▶ _Problem requirements_
Nothing but the pictures is dropped; write out all the remaining data below exactly.
▬▬▬
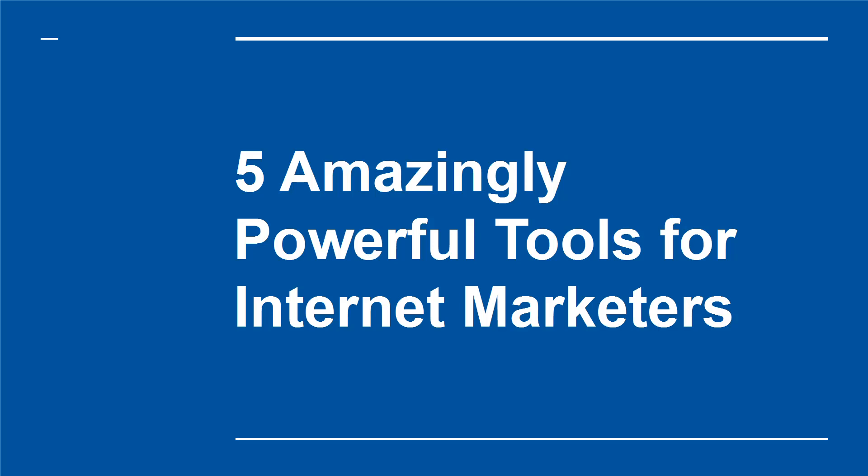5 Amazingly Powerful Tools for Internet Marketers. There are plenty of reports out there discussing the best tools for internet marketers. The problem with those? They tend to focus on free tools that only offer a little bit of functionality.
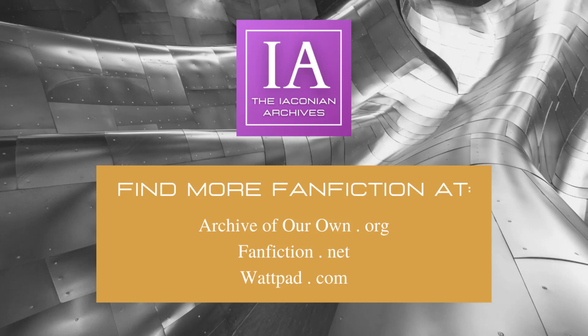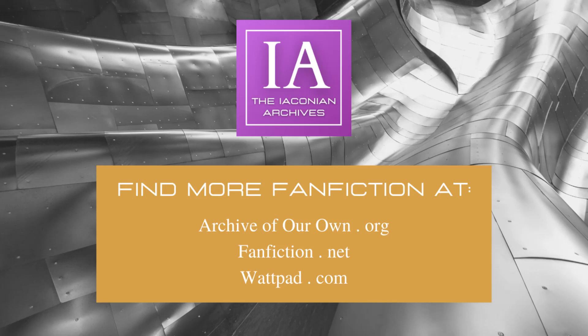If you would like to suggest a story for reading here on the Iaconian Archives, please view our video, From the Archivist, suggesting content, and you could hear me read some of your favorite Transformers fanfiction. From tonight's author and myself, thank you for your time and support.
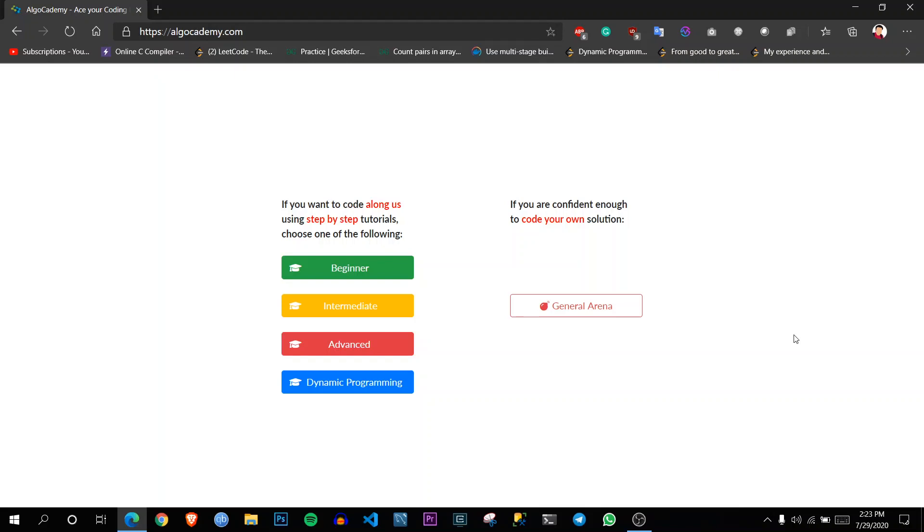So in this video, I am going to do something very different than solving any questions. I will be sharing one of the resources I regularly use for my interview preparation. It's called Algo Academy.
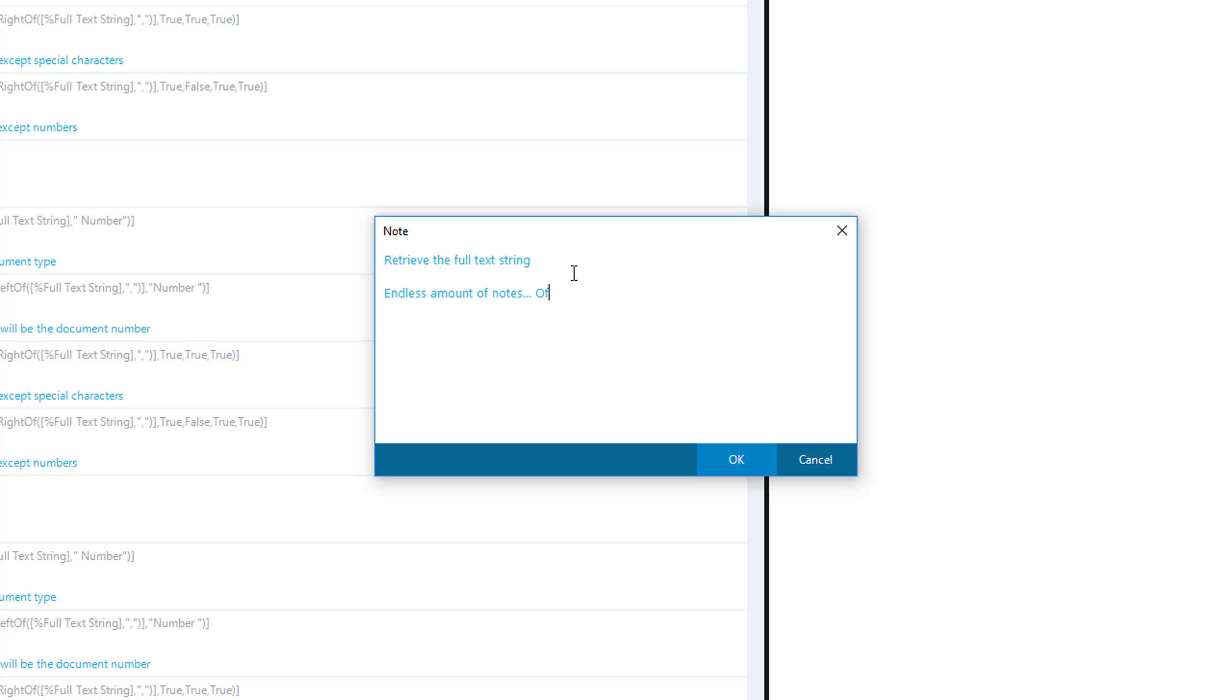The amount of data that can be added or the amount of notes that can be added to each action is endless, and it helps others to better understand the action that is taking place.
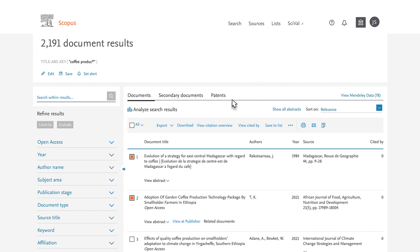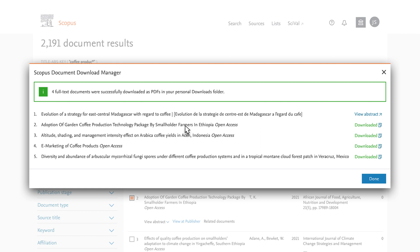To download the same four documents to read offline, select Download. If you have not done so previously, you'll be prompted to download the Scopus Document Download Manager extension before proceeding with your document download. Note that the Document Download Manager extension is available for Chrome and Firefox.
▬▬▬
▶ _Your solution_
5 Amazingly Powerful Tools for Internet Marketers. There are plenty of reports out there discussing the best tools for internet marketers. The problem with those? They tend to focus on free tools that only offer a little bit of functionality.
If you would like to suggest a story for reading here on the Iaconian Archives, please view our video, From the Archivist, suggesting content, and you could hear me read some of your favorite Transformers fanfiction. From tonight's author and myself, thank you for your time and support.
So in this video, I am going to do something very different than solving any questions. I will be sharing one of the resources I regularly use for my interview preparation. It's called Algo Academy.
The amount of data that can be added or the amount of notes that can be added to each action is endless, and it helps others to better understand the action that is taking place.
To download the same four documents to read offline, select Download. If you have not done so previously, you'll be prompted to download the Scopus Document Download Manager extension before proceeding with your document download. Note that the Document Download Manager extension is available for Chrome and Firefox.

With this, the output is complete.